A crise energética que o Brasil enfrenta preocupa em relação à possibilidade de novos apagões, como ocorreram em 2015, durante o governo Dilma Rousseff, e 2001, na gestão de Fernando Henrique Cardoso. Em entrevista ao Jornal da Manhã, o engenheiro eletricista do Instituto Brasileiro de Avaliações e Perícias de Engenharia de São Paulo (Ibape/SP), Sergio Levin, comenta o assunto. Segundo o especialista, o Brasil possui, atualmente, maior capacidade de geração de energias alternativas, o que contribui no controle da crise energética. Apesar disso, ele reforça que isso não deverá evitar apagões a longo prazo, caso a escassez de chuvas se mantenha.

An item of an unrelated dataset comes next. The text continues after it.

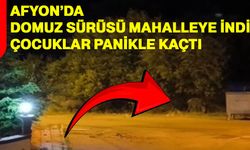 Afyon’da domuz sürüsü mahalleye indi, çocuklar panikle kaçtı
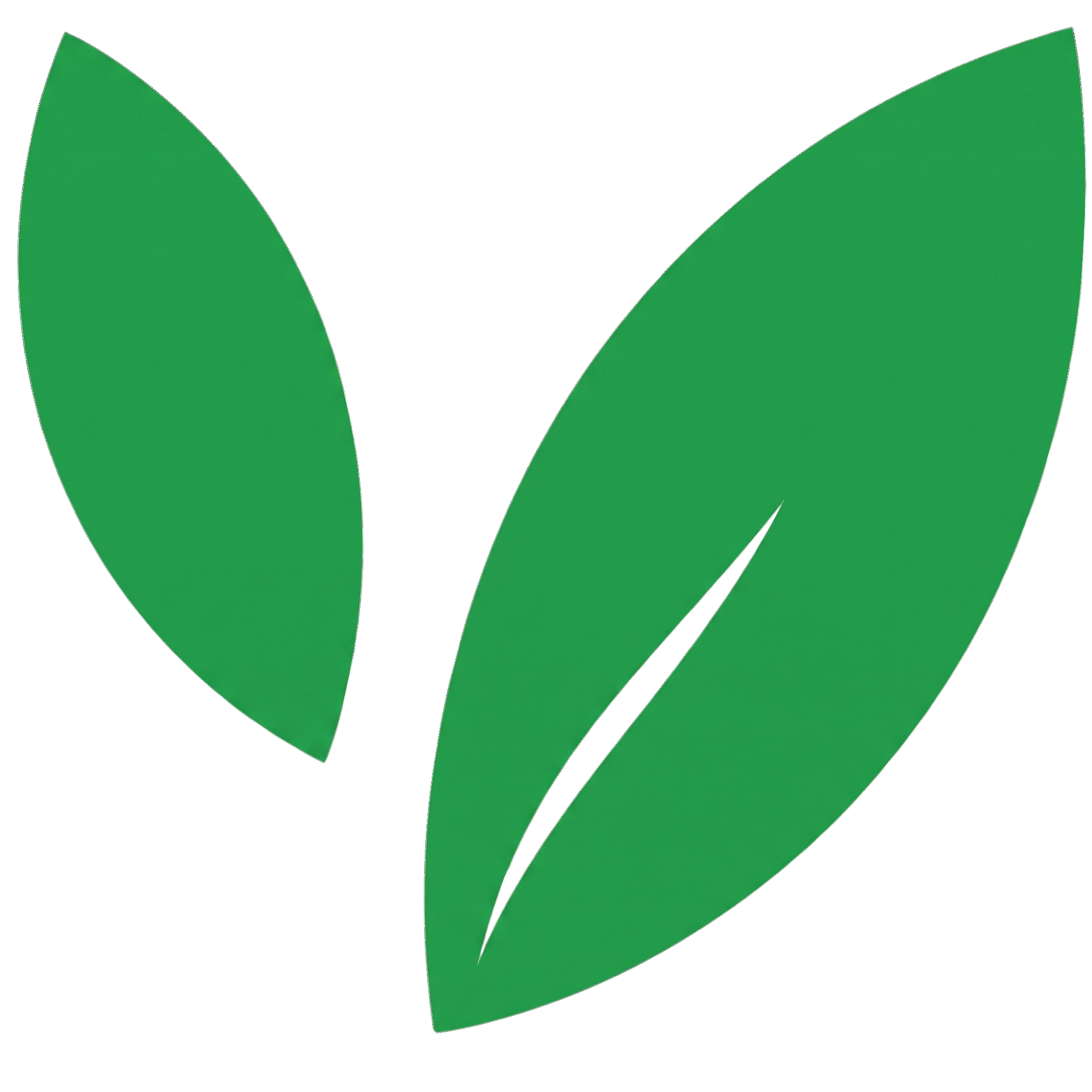 Veg4me icon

“As chuvas vindo de maneira fraca vai ajudar pouco na geração de energia. O que ajuda hoje a capacidade de geração é o acionamento de fontes alternativas, térmica, eólica. Em 2001 e em 2015 não tínhamos tanto a alternativa dessa manobra, o que gerou os apagões. Mas isso não significa que não vamos ter apagões agora. No futuro, se não houver uma reversão climática, com o retorno das chuvas de maneira abundante, vamos ter que acionar cada vez mais as usinas térmicas e alternativas, mas elas têm um limite. Alcançando esse limite, provavelmente a Câmara de Gestão de Crise Hidroenergética pode começar a ter ações cada vez mais fortes”, afirma Levin.

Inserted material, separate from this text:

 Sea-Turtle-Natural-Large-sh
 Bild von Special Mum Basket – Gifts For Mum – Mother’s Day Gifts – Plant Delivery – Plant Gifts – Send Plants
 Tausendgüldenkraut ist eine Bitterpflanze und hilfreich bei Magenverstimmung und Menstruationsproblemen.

Para o especialista a atual crise é mais grave do que nos anos passados pela falta de perspectiva de chuva. “O Instituto Nacional de Metereologia está prevendo alguma chuva lá para novembro e isso não garante que os reservatórios vão ser repostos. No centro-sudeste, estamos com reservatórios com 18% do volume útil. Isso significa que está aquém do que precisamos”, ressalta. Entretanto, a capacidade energética do Brasil a partir de fontes alternativas vem contribuindo para o controle da situação. “Comparando com os momentos de seca em 2015 e 2001, o volume de chuvas também influenciou. A diferença é que agora nós temos uma capacidade de geração de energia alternativa um pouquinho maior, como, por exemplo, eólica. Na região Nordeste há muita geração de energia eólica. E essa capacidade de geração faz com que o Sistema ONS [Operador Nacional do Sistema Elétrico] possa captar, mobilizar e trafegar essa energia para as regiões Norte, Sudeste e Centroeste”, explica o engenheiro.

Segundo Levin, o Sudeste e o Centroeste precisam dessas manobras da ONS por não conseguirem produzir a quantidade de energia que consomem em função da concentração populacional, do agronegócio, de produção industrial, o que gera uma demanda muito forte. “Essa demanda faz com que a gente faça o intercâmbio de energia através da Argentina e Uruguai. Já estamos recebendo energia de lá, que passa pelo Sul e a região também consegue abastecer um pouco a região Sudeste, que é a mais sensível neste momento”. O especialista destaca que, com os estoques hídricos abaixo do ideal, a tendência é que, no futuro, a Câmara de Gestão de Crise Hidroenergética implemente mais ações como a bandeira da escassez na conta de energia. “A nova bandeira torna possível gerar mais energia alternativa, que é paga e mais cara. Essa energia vai sendo acionada, trazida do Nordeste, através da ONS, para suprir São Paulo, que é um grande consumidor”, diz Levin.